Example: Multidimensional Contiguous Array

reading

Your text does an example of a multi-dimensional array that is a vector of vector s.

We are doing something different here – we want the memory space to be fully contiguous, so we will create a 1-d memory space and create operators to index into it.

vector-of-vector’s

If we consider:

std::vector<std::vector<double>> array_2d;

Then this is creating a 1-d array that corresponds to the rows of our array, where each element of this is a separate vector to store the columns that make up that row. But each of those row vectors are independent, and can be in very disparate positions in memory.

This is essentially what we did previously as our matrix container.

This can be visualized as:

_images/vector_of_vectors.png

Fig. 10 Illustration of a vector-of-vector’s for a \(4\times 3\) array.

Contiguous multi-dimensional array

Our goal now is to create a contiguous memory space that stores all the elements of the 2-d array.

To make a contiguous vector, we will use a single vector dimensioned with a size of nrows * ncols (note: C++ will likely have more elements than this, to allow for the potential expansion of the vector, but we won’t use that).

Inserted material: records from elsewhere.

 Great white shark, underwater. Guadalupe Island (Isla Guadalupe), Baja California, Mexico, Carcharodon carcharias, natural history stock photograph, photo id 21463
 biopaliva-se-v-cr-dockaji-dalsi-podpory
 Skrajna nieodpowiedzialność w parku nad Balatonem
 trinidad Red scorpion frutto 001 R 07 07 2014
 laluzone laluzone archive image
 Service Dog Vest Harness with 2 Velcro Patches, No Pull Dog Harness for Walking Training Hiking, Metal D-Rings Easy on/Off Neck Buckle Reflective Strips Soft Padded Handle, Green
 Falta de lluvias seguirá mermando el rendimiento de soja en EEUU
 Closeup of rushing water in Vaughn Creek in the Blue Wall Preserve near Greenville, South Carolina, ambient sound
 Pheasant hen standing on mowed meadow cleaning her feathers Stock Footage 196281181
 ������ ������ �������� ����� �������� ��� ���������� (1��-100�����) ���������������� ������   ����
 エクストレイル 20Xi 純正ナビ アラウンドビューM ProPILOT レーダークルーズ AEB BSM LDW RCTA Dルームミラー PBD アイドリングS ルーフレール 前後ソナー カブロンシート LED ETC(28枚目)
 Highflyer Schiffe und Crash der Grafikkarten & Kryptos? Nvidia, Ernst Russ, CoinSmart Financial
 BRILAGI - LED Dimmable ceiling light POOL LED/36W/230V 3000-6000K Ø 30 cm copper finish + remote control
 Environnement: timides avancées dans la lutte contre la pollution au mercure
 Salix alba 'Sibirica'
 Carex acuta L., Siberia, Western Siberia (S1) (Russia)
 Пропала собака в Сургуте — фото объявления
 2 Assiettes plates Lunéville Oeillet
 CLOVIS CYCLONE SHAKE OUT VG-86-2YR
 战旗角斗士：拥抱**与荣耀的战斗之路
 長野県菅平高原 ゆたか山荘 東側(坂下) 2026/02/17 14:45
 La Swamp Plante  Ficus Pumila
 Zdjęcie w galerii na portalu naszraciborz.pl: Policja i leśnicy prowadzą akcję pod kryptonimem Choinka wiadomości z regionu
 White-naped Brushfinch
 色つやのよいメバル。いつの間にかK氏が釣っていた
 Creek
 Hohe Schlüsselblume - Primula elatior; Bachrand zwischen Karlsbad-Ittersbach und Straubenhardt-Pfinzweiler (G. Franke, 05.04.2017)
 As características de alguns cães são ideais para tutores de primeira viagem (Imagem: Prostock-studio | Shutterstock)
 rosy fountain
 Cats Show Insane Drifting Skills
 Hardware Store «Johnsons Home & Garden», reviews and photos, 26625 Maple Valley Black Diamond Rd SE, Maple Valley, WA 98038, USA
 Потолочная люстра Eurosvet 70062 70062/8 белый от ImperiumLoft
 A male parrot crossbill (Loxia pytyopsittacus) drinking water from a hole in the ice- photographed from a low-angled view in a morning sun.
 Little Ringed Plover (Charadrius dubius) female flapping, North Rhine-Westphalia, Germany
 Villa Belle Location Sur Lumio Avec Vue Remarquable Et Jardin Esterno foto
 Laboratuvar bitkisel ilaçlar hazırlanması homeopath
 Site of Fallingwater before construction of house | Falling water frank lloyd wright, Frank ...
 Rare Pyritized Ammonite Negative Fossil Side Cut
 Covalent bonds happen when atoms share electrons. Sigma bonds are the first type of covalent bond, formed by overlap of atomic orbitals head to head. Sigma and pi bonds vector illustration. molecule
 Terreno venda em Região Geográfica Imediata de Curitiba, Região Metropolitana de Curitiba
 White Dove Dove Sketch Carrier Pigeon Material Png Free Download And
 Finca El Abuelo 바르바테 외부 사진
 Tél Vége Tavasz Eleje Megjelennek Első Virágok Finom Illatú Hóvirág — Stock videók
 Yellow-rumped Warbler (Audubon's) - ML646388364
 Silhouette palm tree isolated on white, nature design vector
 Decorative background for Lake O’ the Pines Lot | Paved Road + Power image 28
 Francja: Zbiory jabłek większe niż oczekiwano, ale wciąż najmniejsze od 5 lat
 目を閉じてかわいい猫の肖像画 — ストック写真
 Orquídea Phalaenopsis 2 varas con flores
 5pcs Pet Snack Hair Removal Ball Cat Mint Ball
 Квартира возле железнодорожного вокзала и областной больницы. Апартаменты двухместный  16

We will then overload the () operator to allow for us to index into this one-dimensional buffer as a(nrow, ncol).

This can be visualized as:

_images/struct_array.png

Fig. 11 Illustration of a one-dimensional vector wrapped in a struct that can be indexed as a two-dimensional array.

Implementation

We will implement the main struct in a header so we can reuse this

Listing 45 array.H
#ifndef ARRAY_H
#define ARRAY_H

#include <vector>
#include <iostream>
#include <cassert>

// a contiguous 2-d array
// here the data is stored in row-major order in a 1-d memory space
// managed as a vector.  We overload () to allow us to index this as
// a(irow, icol)

struct Array {

    std::size_t _rows;
    std::size_t _cols;
    std::vector<double> _data;

    Array (std::size_t rows, std::size_t cols, double val=0.0)
        : _rows{rows},
          _cols{cols},
          _data(rows * cols, val)
    {
        // we do the asserts here after the initialization of _data
        // in the initialization list, but if the size is zero, we'll
        // abort here anyway.

        assert (rows > 0);
        assert (cols > 0);

    }

    // note the "const" after the argument list here -- this means
    // that this can be called on a const Array, while the first
    // "const" refers to the return type

    inline std::size_t ncols() const { return _cols;}
    inline std::size_t nrows() const { return _rows;}

    inline double& operator()(int row, int col) {
        assert (row >= 0 && row < _rows);
        assert (col >= 0 && col < _cols);
        return _data[row*_cols + col];
    }

    inline const double& operator()(int row, int col) const {
        assert (row >= 0 && row < _rows);
        assert (col >= 0 && col < _cols);
        return _data[row*_cols + col];
    }

};

// the << operator is not part of the of the class, so it is not a member

std::ostream& operator<< (std::ostream& os, const Array& a) {

    for (std::size_t row=0; row < a.nrows(); ++row) {
        for (std::size_t col=0; col < a.ncols(); ++col) {
            os << a(row, col) << " ";
        }
        os << std::endl;
    }

    return os;
}

#endif

Some comments on this implementation:

  • We need to order things in the initialization-list in the same order they appear as member data in the class.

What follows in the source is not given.